You know how you can tell Vin Diesel is a role-playing game nerd? I mean, aside from knowing he wrote the foreword to the Dungeons & Dragons 30th anniversary retrospective and all of his fake tattoos in xXx were references to his D&D characters. You can tell he’s an RPG nerd because the man loves side quests.
Side quests, for those who don’t know, are optional objectives in RPGs, often taking exorbitant amounts of time or resources to obtain some item, achievement, or simple sense of satisfaction. Lots of players overlook or purposefully ignore side quests. But others go for them—maybe all of them—simply because they love what they’re doing and they want to find some more cool stuff related to the thing they love.
These labors of love can create a fuller, more enjoyable experience that endears players to a game they may have otherwise been on the fence about. Similarly, while his prominent roles in genre films certainly place Vin Diesel squarely in the popular consciousness, it’s his commitment to and enthusiasm for his interests that make us love him.
Diesel’s quest began, at least on major stages, writing, directing, and starring in a small film about his own racial and psychological identity (Multi-Facial), which caught the eye of Steven Spielberg. Spielberg asked him if he wanted to try getting involved with explosions and combat in Saving Private Ryan, and now here we are, more than a dozen Diesel-launched action-franchise movies later, with another due out this weekend.
Between Saving Private Ryan and Riddick’s debut in Pitch Black, Diesel changed all our childhoods by providing the voice of The Iron Giant. (Go ahead, say “Suuupermaaan.” I’ll wait.) He’d come back to the voice acting a few times in video games and animated shorts, often overlapping with his Riddick work in tie-in games. (You know who made those games, by the way? Diesel has his own video game production company, Tigon Studios.) Then, last year, he turned in perhaps the greatest three-word voice acting performance in history as Guardians of the Galaxy’s Groot.
Still not buying the side quest angle? Diesel learned the character’s signature phrase, “I am Groot,” in every language in which the movie was being released, so he could voice Groot in each version. He went on to attend the British premiere on stilts, wearing an “I am Groot” t-shirt.
That picture, and that attitude, speaks to what makes Vin Diesel great. It doesn’t matter where his life’s A-plot seems to be heading; Diesel finds the stuff he likes, and he embraces it wholeheartedly.
That attitude is perhaps most evident in his turn as real-life mobster Jackie DiNorscio in Find Me Guilty. No one expected the guy who played a murderous space convict and a family-obsessed car thief to convincingly portray a member of the Lucchese crime family—which is really kind of stupid of them, in retrospect. As in most of these side quests, Diesel did a fantastic job, even if not many noticed.
That’s not to say Diesel’s self-involved; far from it. The guy’s a big-time philanthropist and sweetheart. He gives back to his old neighborhood, donates to myriad causes, and is known to be quick to share his love of games, even teaching Dame Judi Dench D&D on the set of The Chronicles of Riddick.

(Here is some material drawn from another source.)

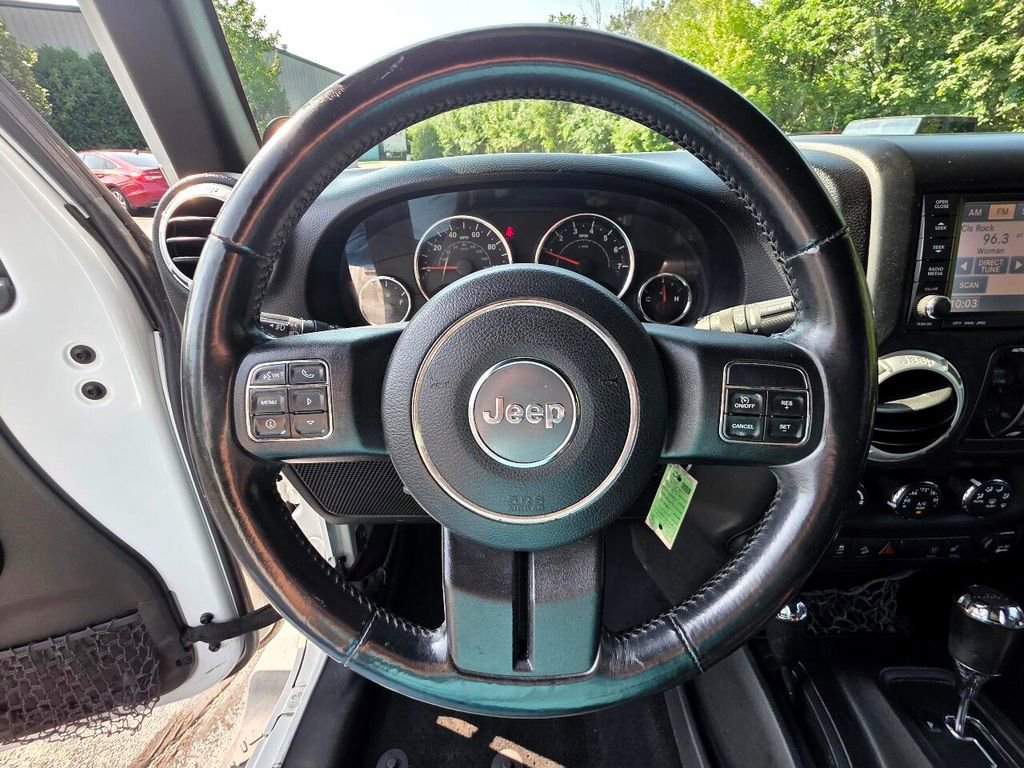 Used 2014 Jeep Wrangler Unlimited Sahara w/ Dual Top Group image 18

Diesel’s “I’m doing it for me” professional approach, coupled with his unbridled enthusiasm, makes him the kind of actor I love to follow. He’s clearly having fun out there, blowing shit up, stealing cars, and building hodgepodge families…and making video games and running a record label, while he’s at it. If he wasn’t having fun, he wouldn’t still be doing it fifteen years after his big break. Because that’s what side quests are for: the joy of going after something you want and not worrying about the rest.